Ele devia ter aparecido, era essa a natureza da sua dança. Ela não o queria ali, nunca o quis, mas esperava-o, ele fê-la esperar aquilo. Deu-lhe apenas um parapeito onde se equilibrar, um precipício estreito de esperança, por ser algo odiado, mas algo odiado continua a ser alguma coisa. A única coisa que tem.
E claro que é essa a questão.
É esse o motivo para o copo vazio, para o prato limpo, para a cadeira por usar.
Addie olha pela janela e lembra-se do olhar dele quando brindaram, da curva dos seus lábios quando declararam guerra, e percebe quão tola é, quão facilmente enganada.
E, de repente, toda a cena parece horrenda e patética, e Addie não suporta olhar para ela, não consegue respirar dentro da seda vermelha. Rasga os atilhos do corpete, puxa os ganchos do cabelo, liberta-se dos constrangimentos do vestido, tira os adornos da mesa e arremessa a garrafa agora vazia contra a parede.
Fragmentos de vidro mordem-lhe a mão, e a dor é aguda e real, o ardor súbito de uma queimadura sem a cicatriz duradoura, e não se importa. Dentro de momentos, os cortes já terão fechado. Os vidros e a garrafa permanecem intactos.
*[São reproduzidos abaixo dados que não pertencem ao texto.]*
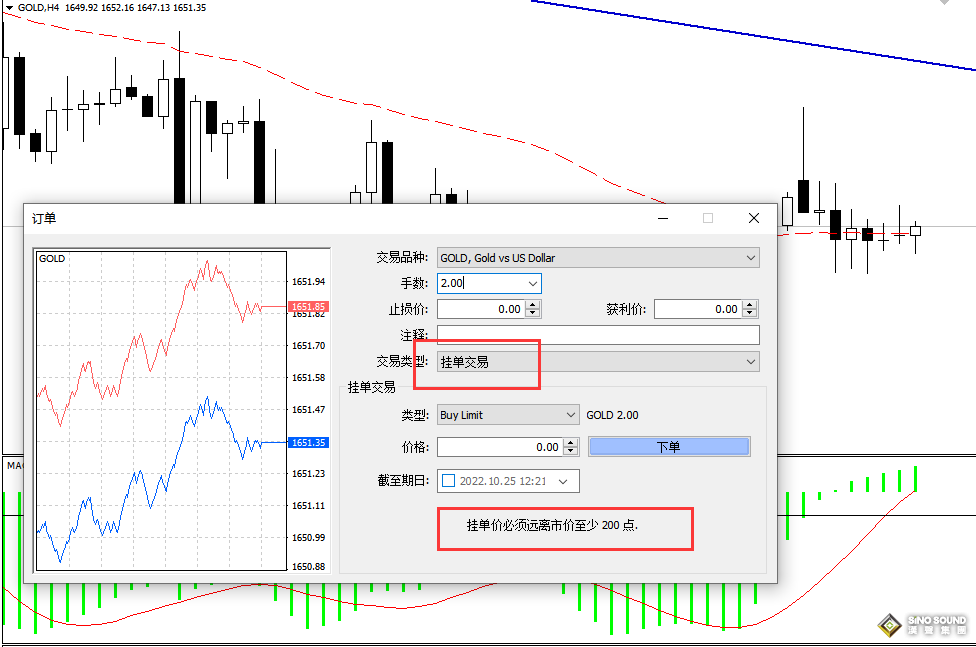倫敦金限價單怎麼下？	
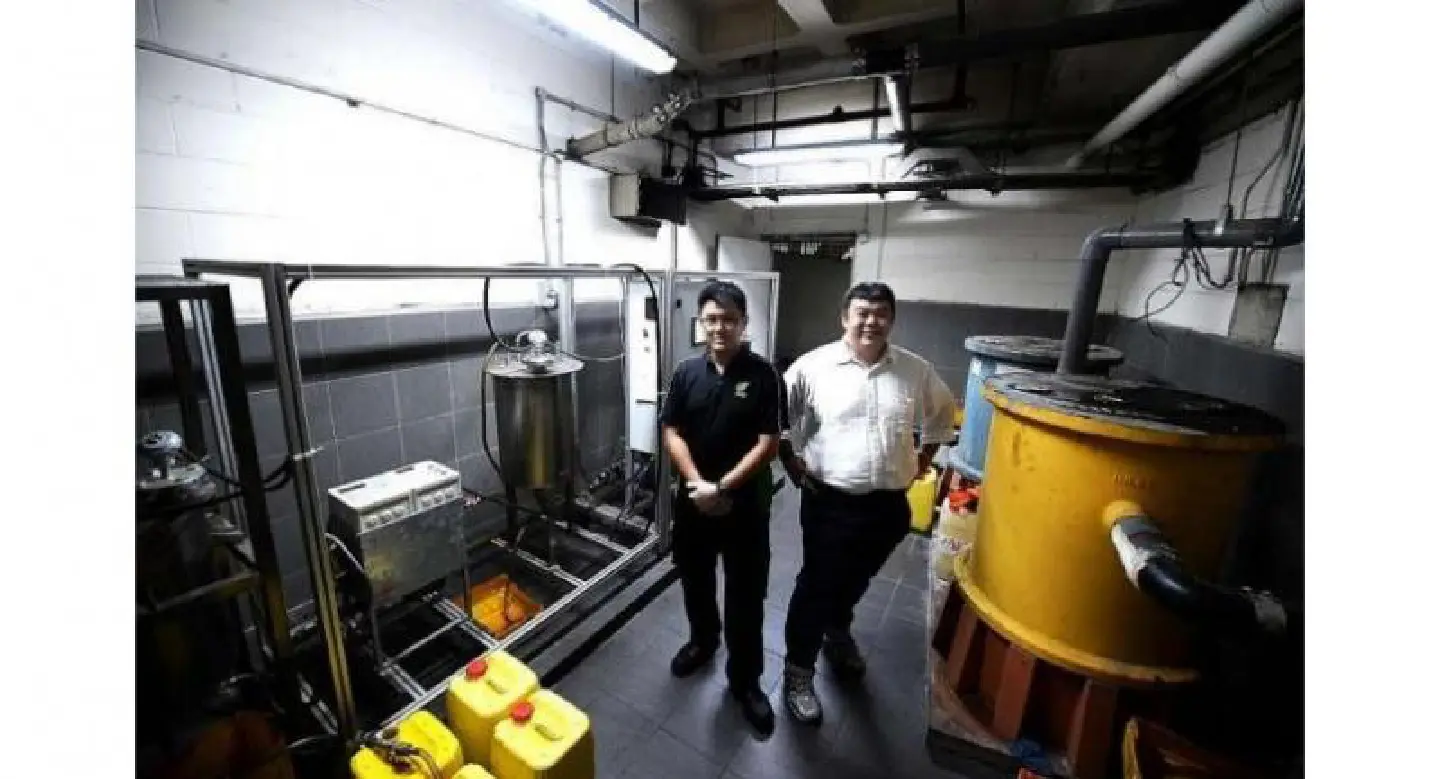 Recipe to turn used cooking oil into fuel Recipe to turn used cooking oil into fuel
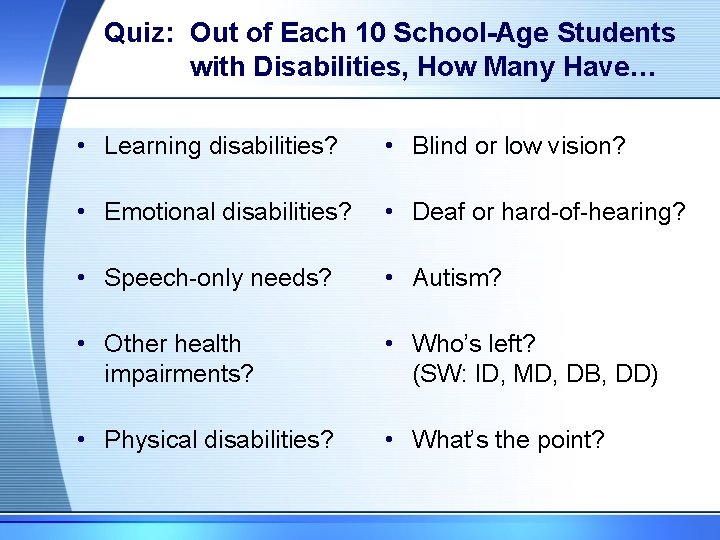 Quiz: Out of Each 10 School-Age Students with Disabilities, How Many Have… • Learning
Em tempos pensara ser uma bênção, essa incapacidade de quebrar, mas agora a sensação de impotência é de ensandecer.
Destrói tudo, só para o ver estremecer, de forma escarninha, e regressar ao estado inicial, voltar, como um cenário, ao início do espetáculo.
E Addie grita.
A raiva inflama-se dentro dela, quente e flamejante, a raiva contra Luc e contra si própria, mas começa a dar lugar ao medo e à mágoa e ao terror, porque tem de enfrentar mais um ano sozinha, um ano sem ouvir o seu nome, sem se ver refletida nos olhos de ninguém, sem uma noite de pausa daquela maldição, um ano ou cinco ou dez, e apercebe-se então de quanto contou com isso, com a promessa da sua presença, porque, sem ela, está a desabar.
Afunda-se no chão entre os despojos da noite.
Passar-se-ão anos até ver o mar, as ondas a quebrarem-se contra falésias brancas irregulares, e nesse momento lembrar-se-á das palavras de acicato de Luc.
Mesmo as rochas se desgastam até se transformarem em nada.
Addie adormece logo após a alvorada, mas é um sono irregular, breve e cheio de pesadelos, e, quando acorda para ver o sol sobre Paris, não se consegue levantar. Dorme todo o dia e metade da noite, e, quando acorda, instalou-se de novo a mesma coisa desfeita, como um osso mal consolidado, uma suavidade endurecida.
— Chega — diz para si mesma, levantando-se.
— Chega — repete, regalando-se com o pão, agora bolorento, com o queijo, estiolado do calor.
Chega.
Haverá outras noites negras, claro, outras madrugadas deploráveis, e a sua determinação enfraquecerá sempre um pouco à medida que os dias se alongam e que o aniversário se aproxima e que uma esperança traiçoeira se imiscui, como um esboço. Mas a mágoa esbateu-se, substituída por uma raiva obstinada, e decide ateá-la, proteger e alimentar a chama até ser preciso mais do que um único sopro para a extinguir.